Estamos no Ano Santo cujo tema é “Peregrinos da Esperança”. Também a solenidade da Ressurreição nos leva a pensar na esperança. Como a esperança do povo da Ucrânia, e especialmente dos fiéis católicos, mudou nestes anos de guerra?
Para nós hoje, a esperança é verdadeiramente a fonte da nossa sobrevivência, da capacidade de resistir, de seguir em frente. Penso que a esperança como tal não mudou, porque a nossa esperança é sempre o Senhor Jesus Cristo. Não confiamos em algo, mas em alguém. E Esta relação com Jesus que sofreu por nós, que morreu e ressuscitou, é a fonte da nossa esperança. Talvez o que muda seja a forma como percebemos essa esperança e entender o quão importante é não apenas ter sentimentos de esperança — como costumamos dizer: "Esperemos que tudo fique bem" —, mas ter a esperança como virtude. Ou seja, como uma força infundida pelo Espírito Santo, uma força do Ressuscitado que vive e pulsa dentro de nós.
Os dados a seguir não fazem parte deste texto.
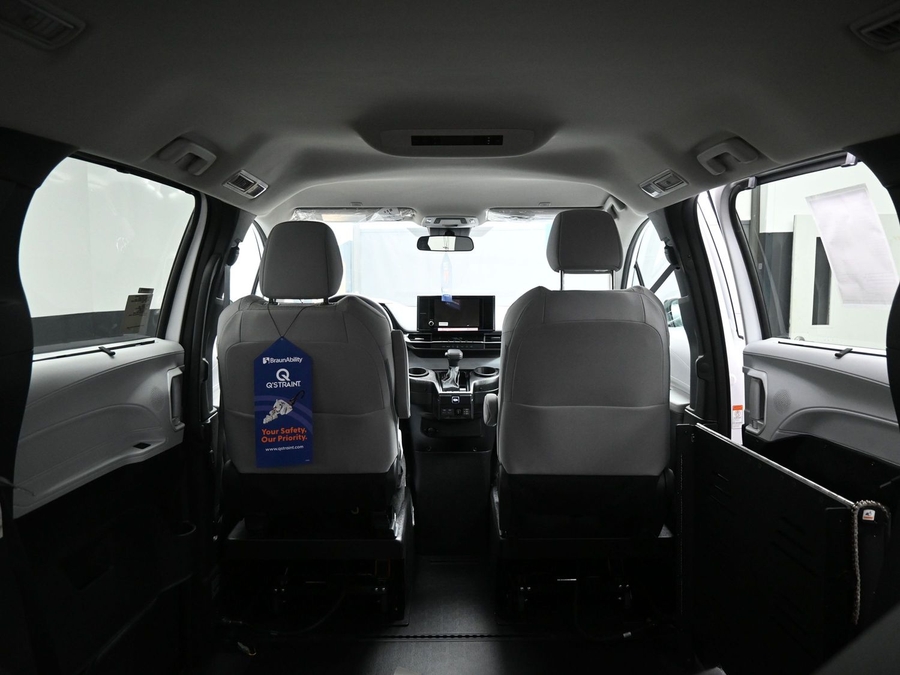 New 2025 Toyota Sienna Hybrid LE - BraunAbility Side Entry Entry Fold Out Automatic Ramp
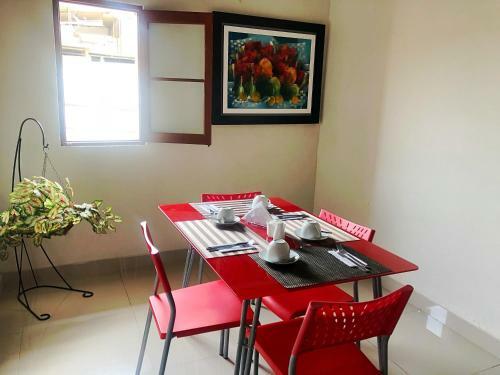 Hotel Estancia Real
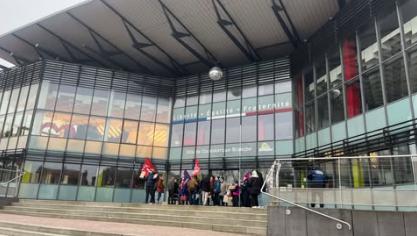 Rassemblement animé devant l’hôtel de ville de Coudekerque-Branche contre la conférence sur le wokisme menée par Éric Naulleau.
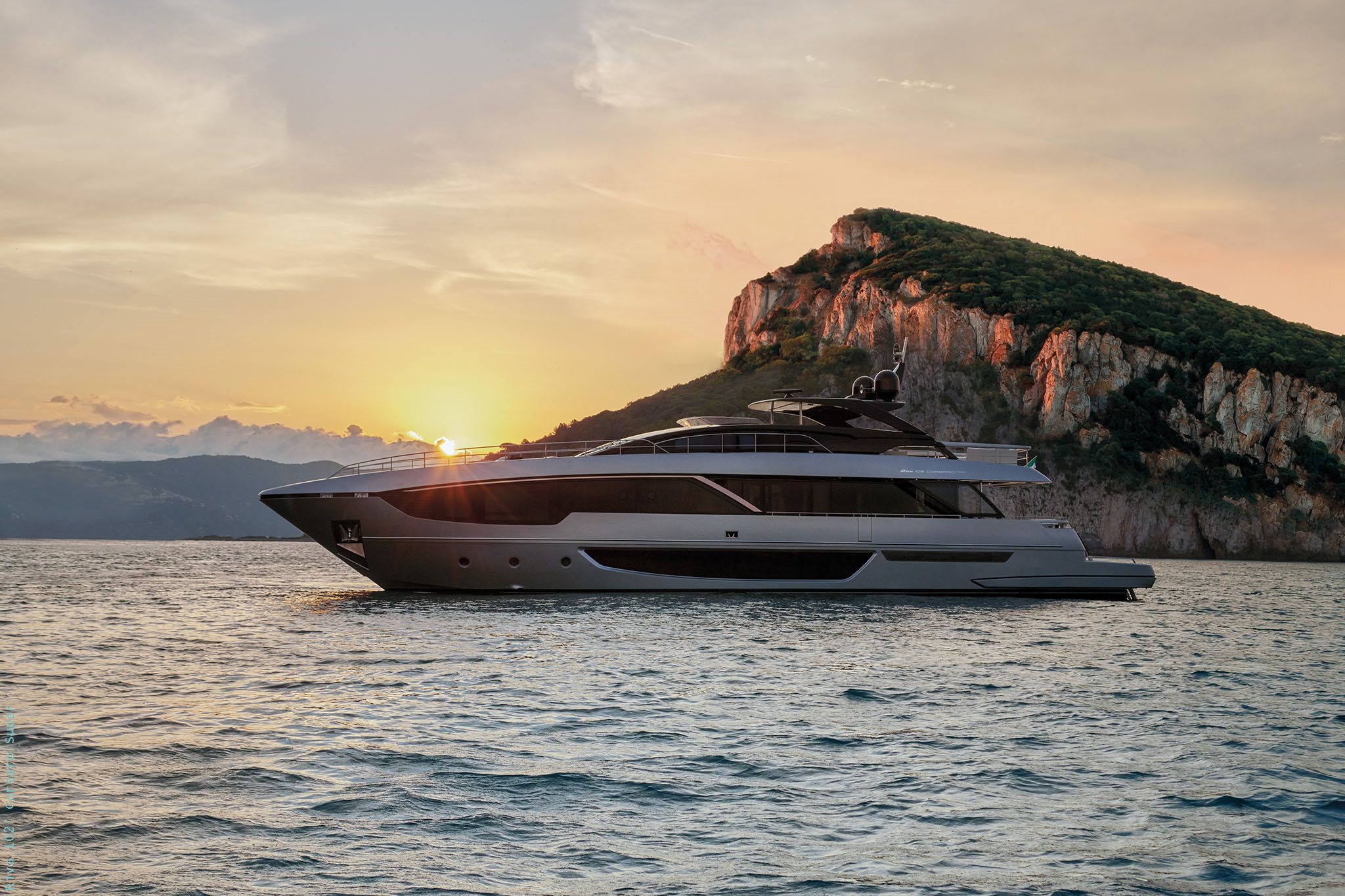 102' CORSARIO SUPER RIVA YACHT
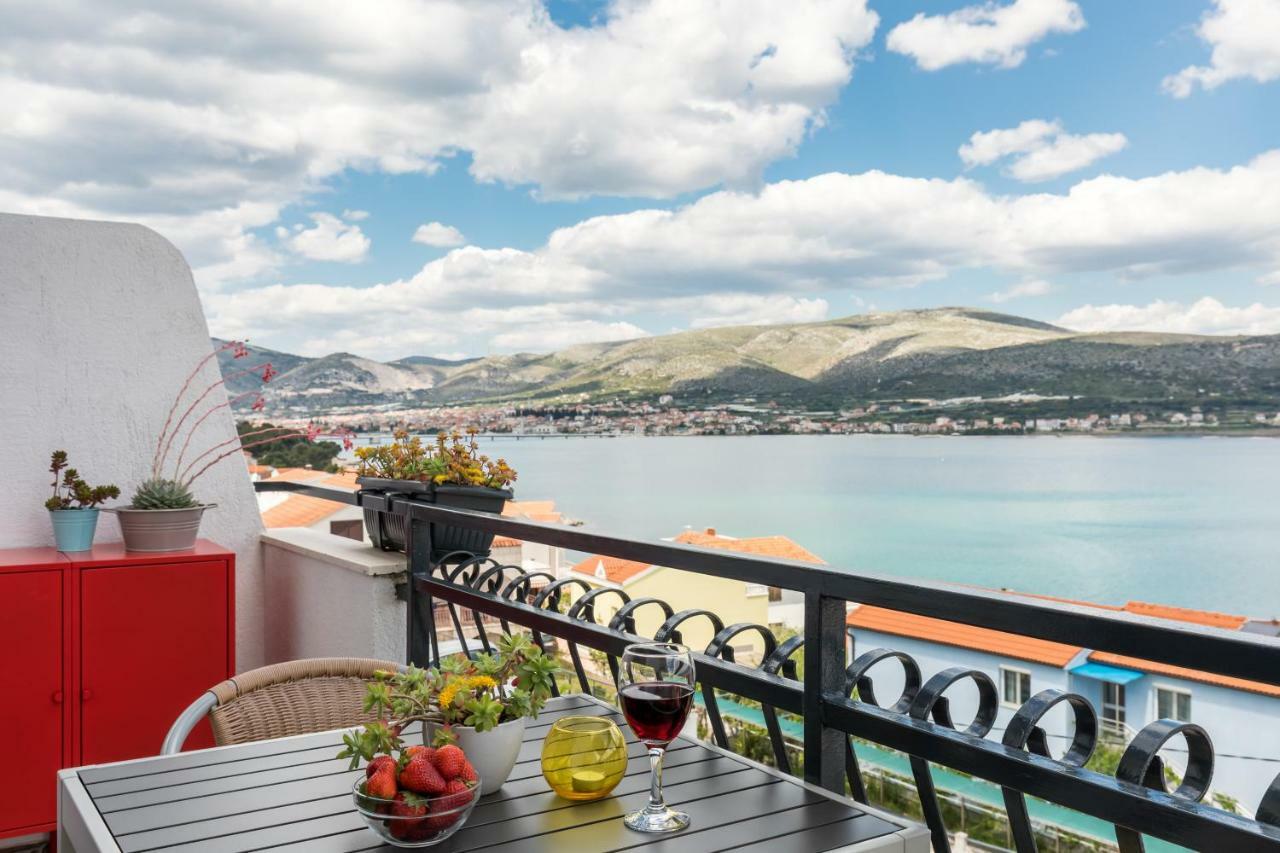 Apartments Rogulj Трогир Экстерьер фото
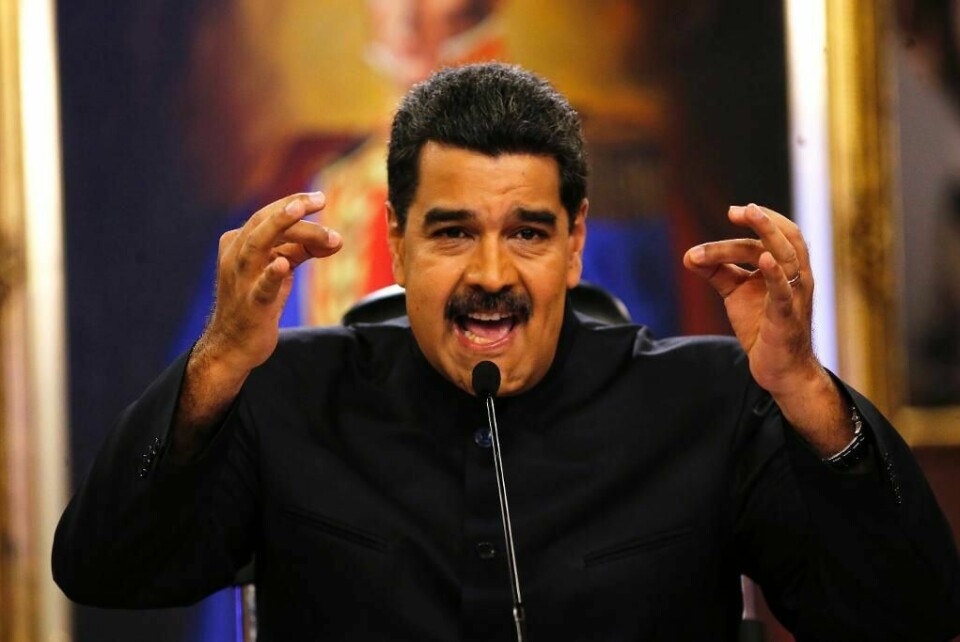 TALTE: Nicolás Maduro talte til folket i Venezuela tirsdag. Presidenten fortalte om et terrorangep mot Høyesterett.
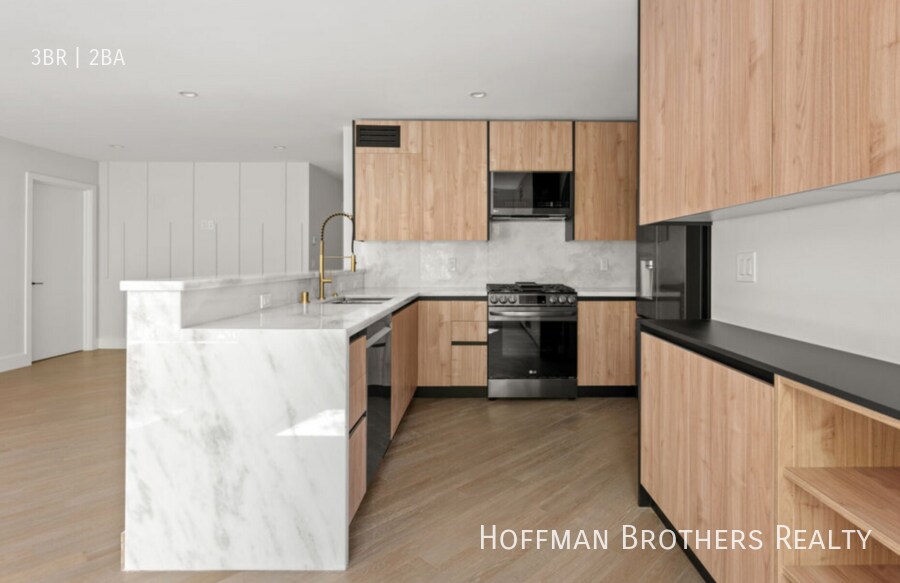 Building Photo - 1450 1/2 Crescent Heights Blvd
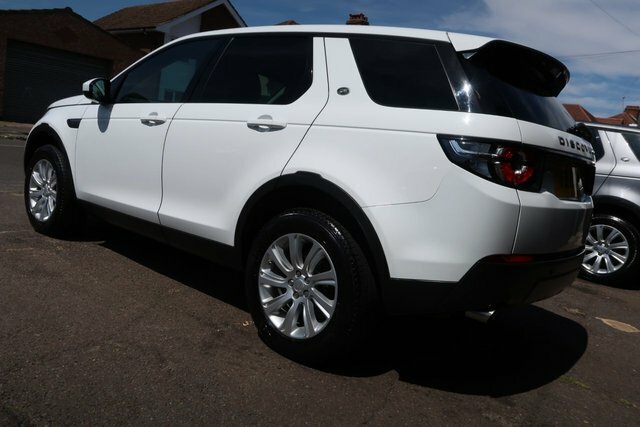 Land Rover Discovery Sport 2016 2.0 Td4 Se Tech Suv 4Wd Euro FD16EUH White #6
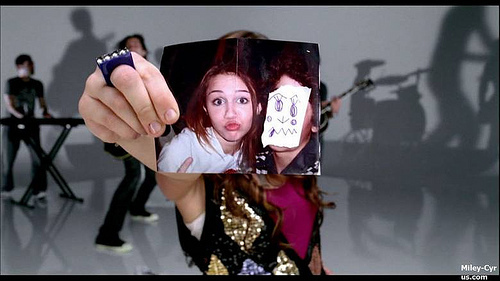 2642466015_317a3c81a3[1] - Miley Cyrus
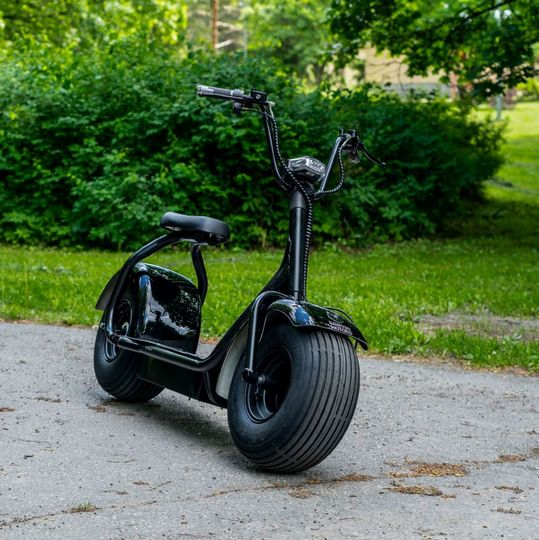 Kruiser Black 0,9kWh akulla - KarelianStore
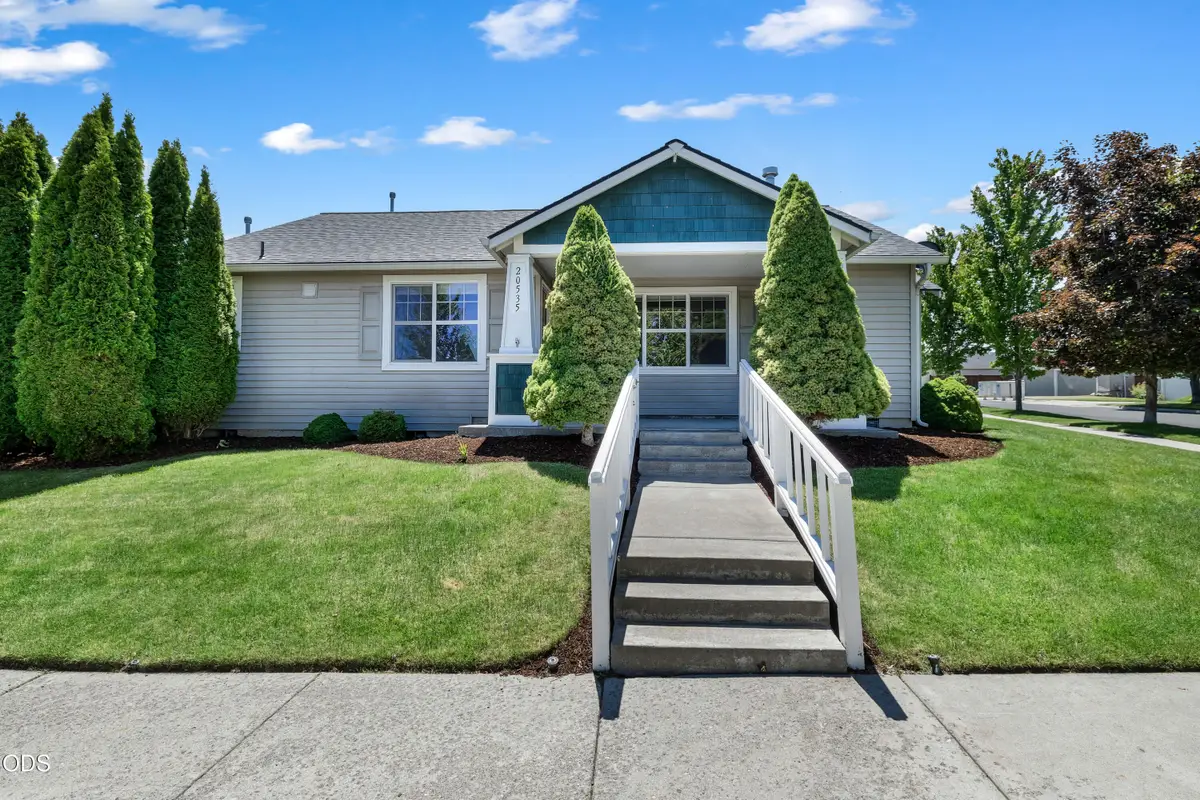 20535 Sunderland Way, Bend, OR 97701 - #1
E devo dizer que à medida que a dor aumenta, também aumenta essa percepção de que a força de Cristo ressuscitado não está apenas conosco, mas está em nós. A esperança é realmente uma realidade que vivemos. Por isso somos verdadeiramente muito gratos ao Papa Francisco que abriu as portas da esperança. Devo dizer que muitas pessoas vêm em peregrinação, especialmente neste período da Quaresma, às nossas catedrais, aos nossos santuários, precisamente para fazer crescer esta esperança. Os peregrinos participam dos Sacramentos da Confissão e da Eucaristia, rezam pelo Papa e por sua saúde e recebem essas graças que o Ano Santo nos oferece e que o Santo Padre nos permite experimentar não apenas em Roma - porque muitos peregrinos vão a Roma - mas também aqui conosco.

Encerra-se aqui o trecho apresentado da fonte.